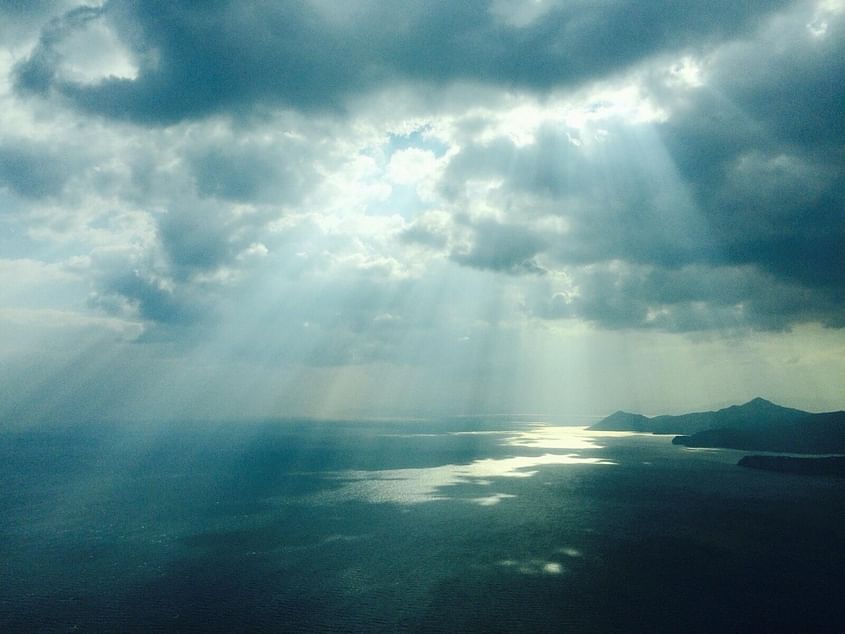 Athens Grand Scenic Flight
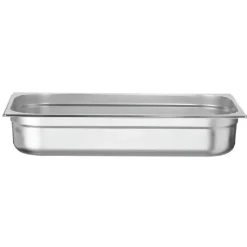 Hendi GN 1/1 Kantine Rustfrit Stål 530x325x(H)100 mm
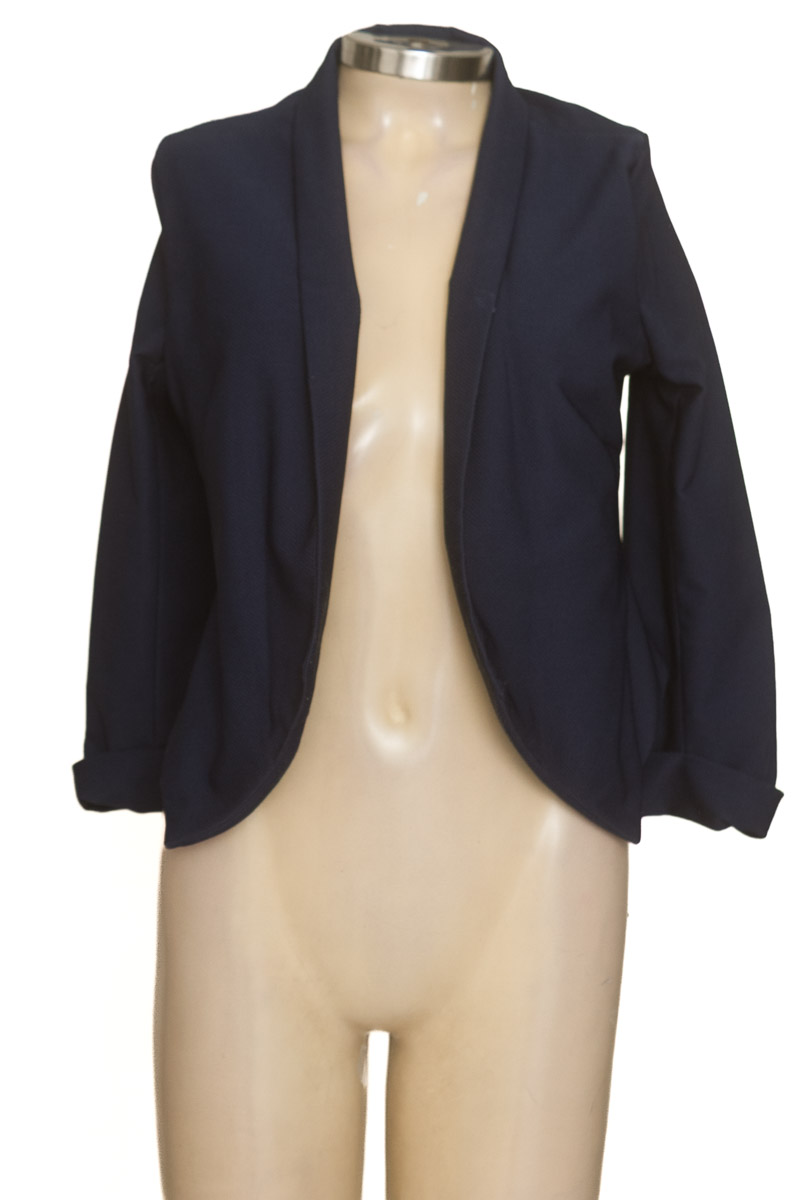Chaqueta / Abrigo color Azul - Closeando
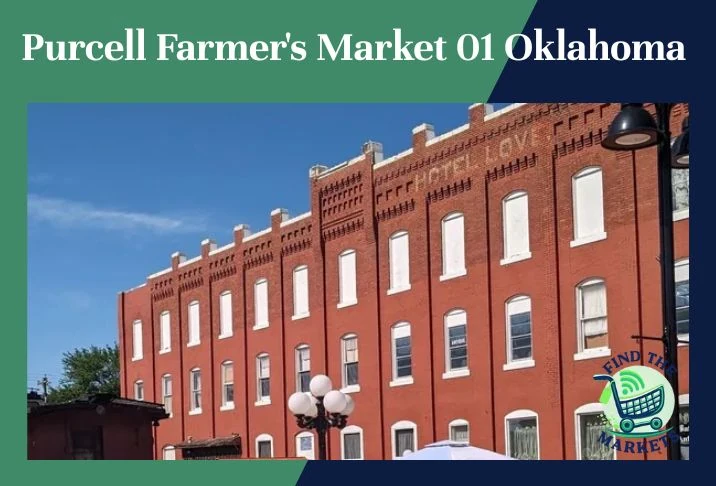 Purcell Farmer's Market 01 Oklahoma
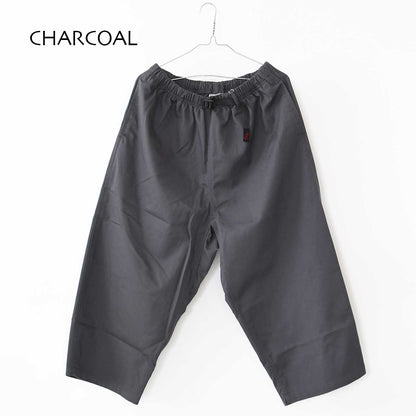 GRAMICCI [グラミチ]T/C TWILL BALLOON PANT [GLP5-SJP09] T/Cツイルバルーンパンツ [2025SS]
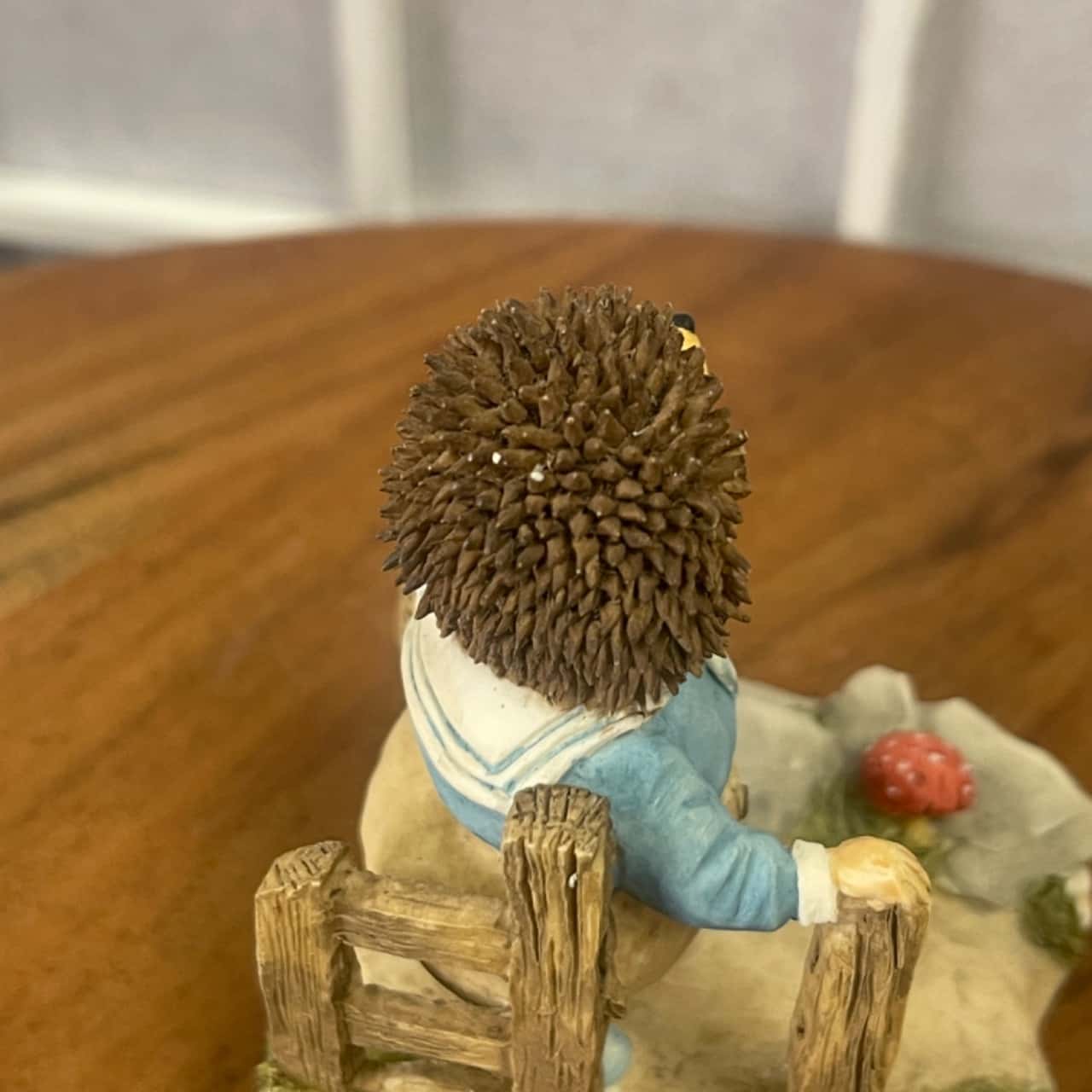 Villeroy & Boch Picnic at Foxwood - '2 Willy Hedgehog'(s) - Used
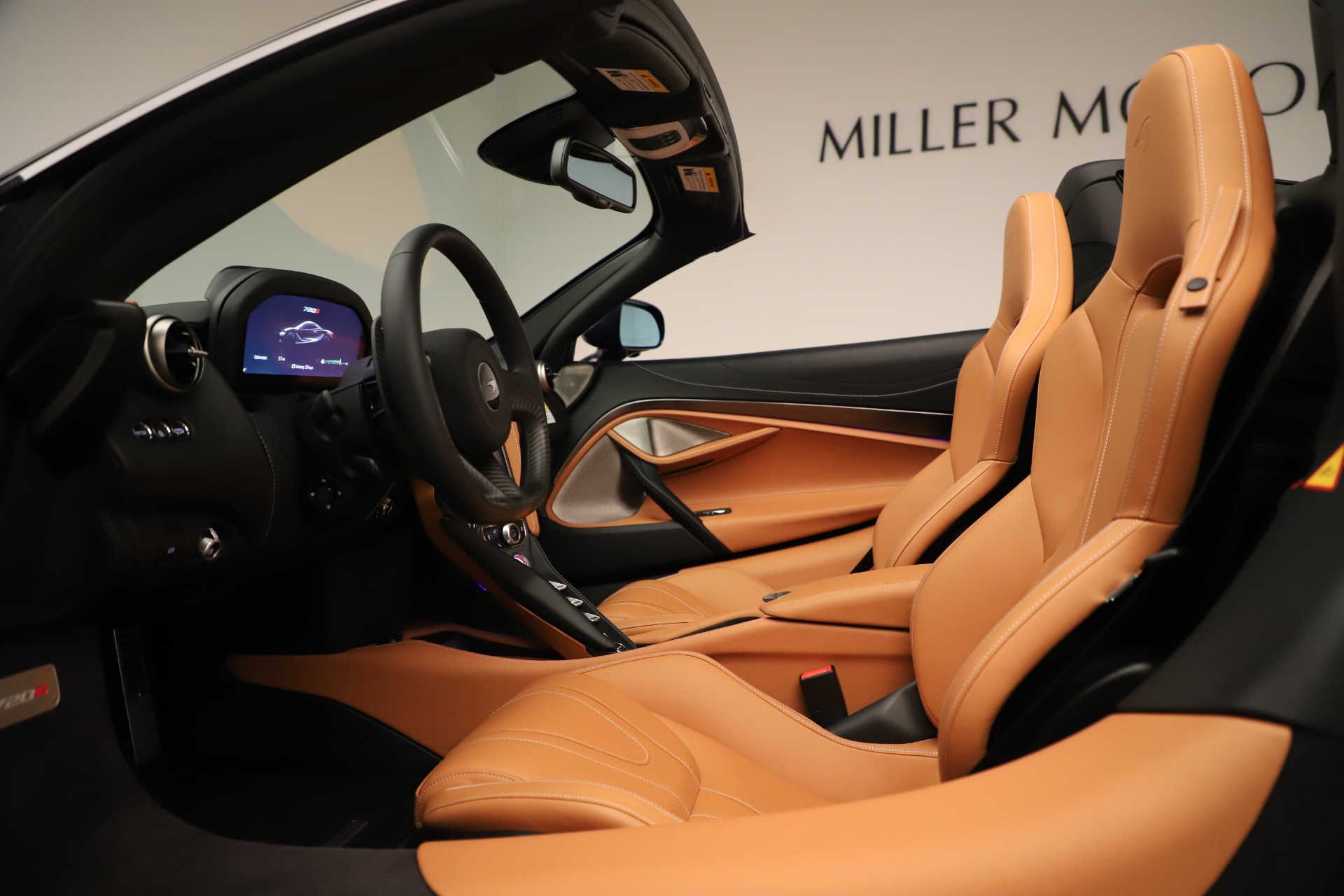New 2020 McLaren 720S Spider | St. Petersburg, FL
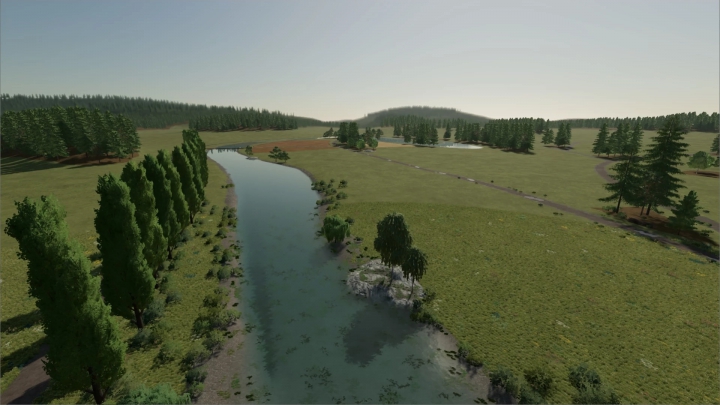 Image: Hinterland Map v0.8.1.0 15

**REQUIRED WORK**. Going from the line with "Villeroy & Boch" to the last line of the listing, write out each line exactly and nothing else. Leave out all pictures.

**EXERCISE RESPONSE**.
 Villeroy & Boch Picnic at Foxwood - '2 Willy Hedgehog'(s) - Used
New 2020 McLaren 720S Spider | St. Petersburg, FL
 Image: Hinterland Map v0.8.1.0 15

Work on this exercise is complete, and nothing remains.